[Brief descriptive captions]
────────
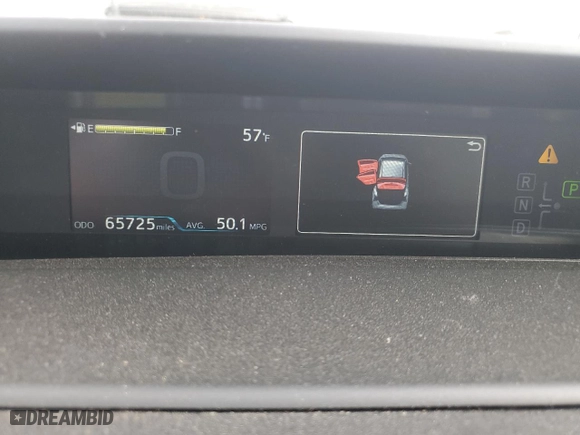 2021 Toyota Prius L Eco with VIN JTDKAMFU6M3141280, listed as a Copart auction lot 47604825 with 65,725 mi miles and Salvage Title. Bid and sale history available at carsss.com. Image 9.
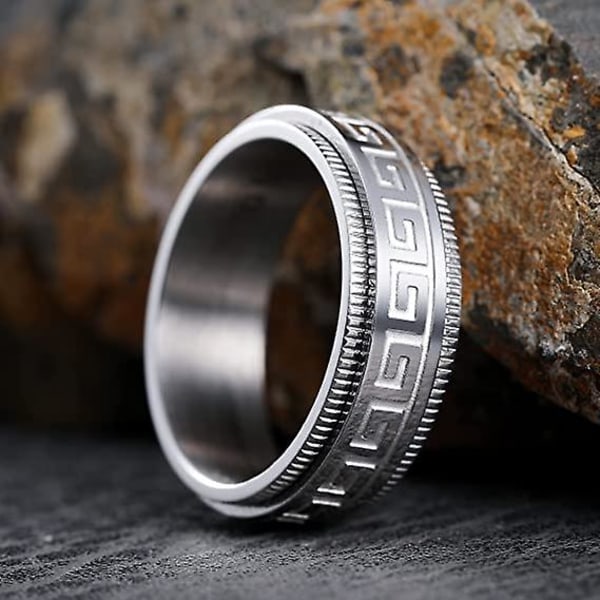 8mm Black/silver Spinner Stainless Steel Ring Fidget Ring Anxiety Ring For Men Brushed Greek Key/viking Pattern/roman Numerals/hammered Relieving Stre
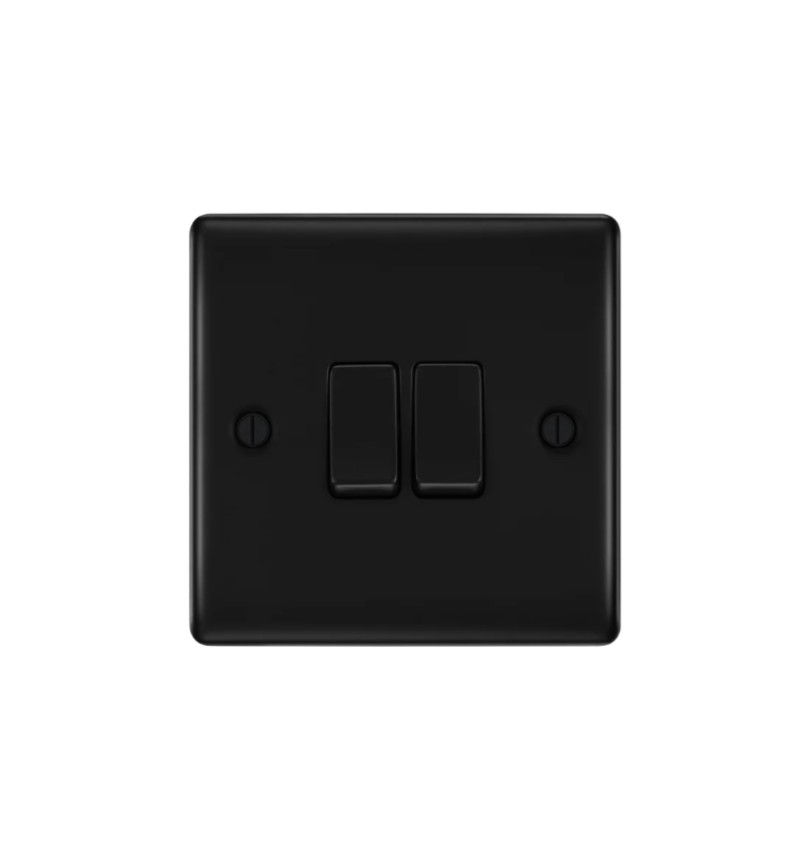 BG Nexus Matt Black 20A 16AX 2 Gang 2 Way Switch NFB42-02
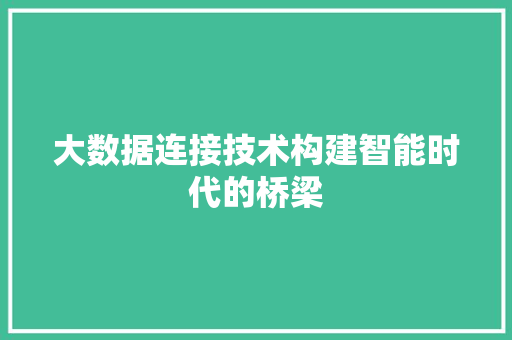 大数据连接技术构建智能时代的桥梁  第1张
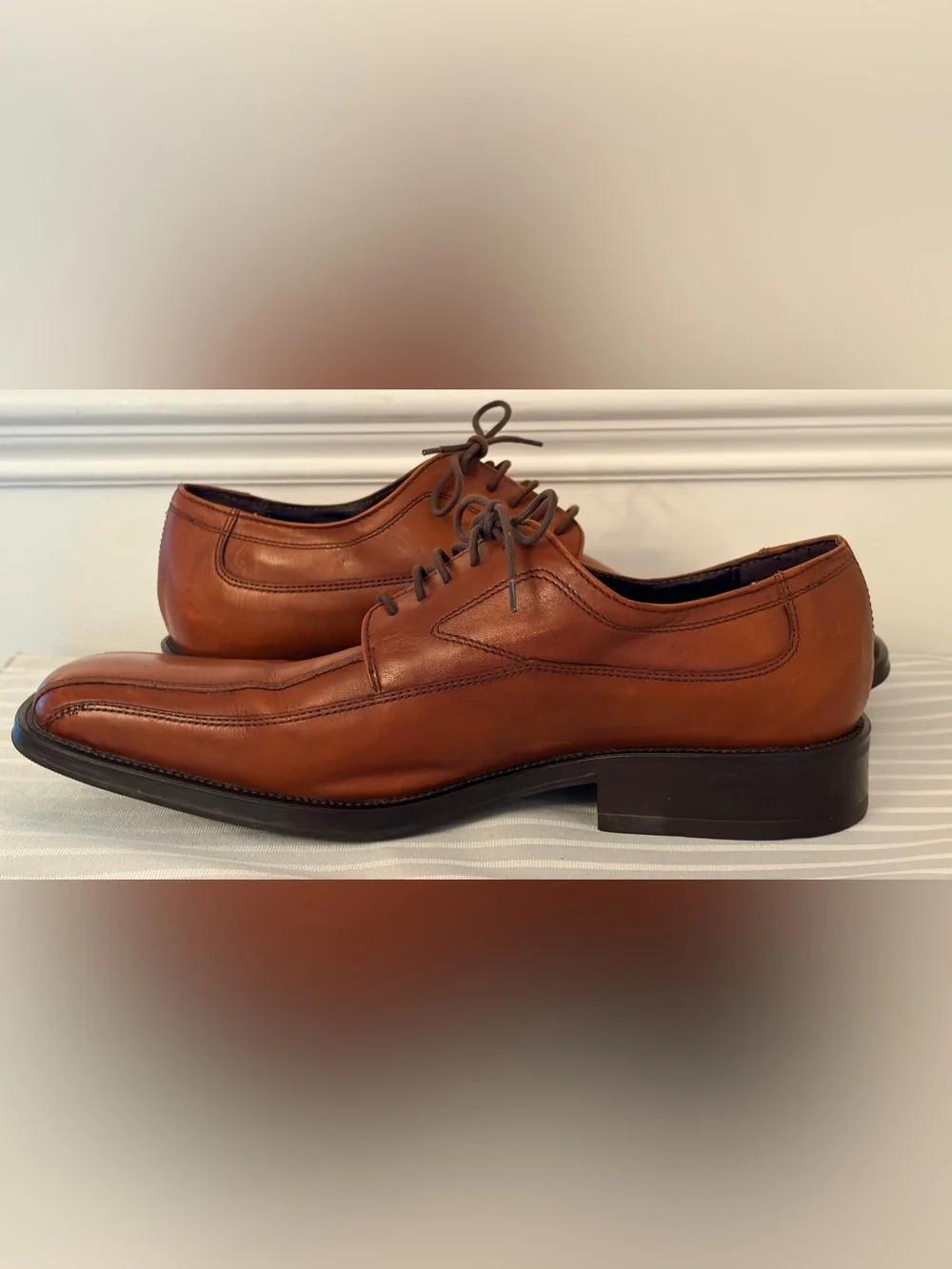 Reaction By Kenneth Cole Cognac Brown Oxford Dress Shoes W03214 Size 10 EUC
────────
▶ _Activity_: Each entry above must be printed exactly, apart from its pictures.

▶ _Exercise output_:
 2021 Toyota Prius L Eco with VIN JTDKAMFU6M3141280, listed as a Copart auction lot 47604825 with 65,725 mi miles and Salvage Title. Bid and sale history available at carsss.com. Image 9.
 8mm Black/silver Spinner Stainless Steel Ring Fidget Ring Anxiety Ring For Men Brushed Greek Key/viking Pattern/roman Numerals/hammered Relieving Stre
 BG Nexus Matt Black 20A 16AX 2 Gang 2 Way Switch NFB42-02
 大数据连接技术构建智能时代的桥梁  第1张
 Reaction By Kenneth Cole Cognac Brown Oxford Dress Shoes W03214 Size 10 EUC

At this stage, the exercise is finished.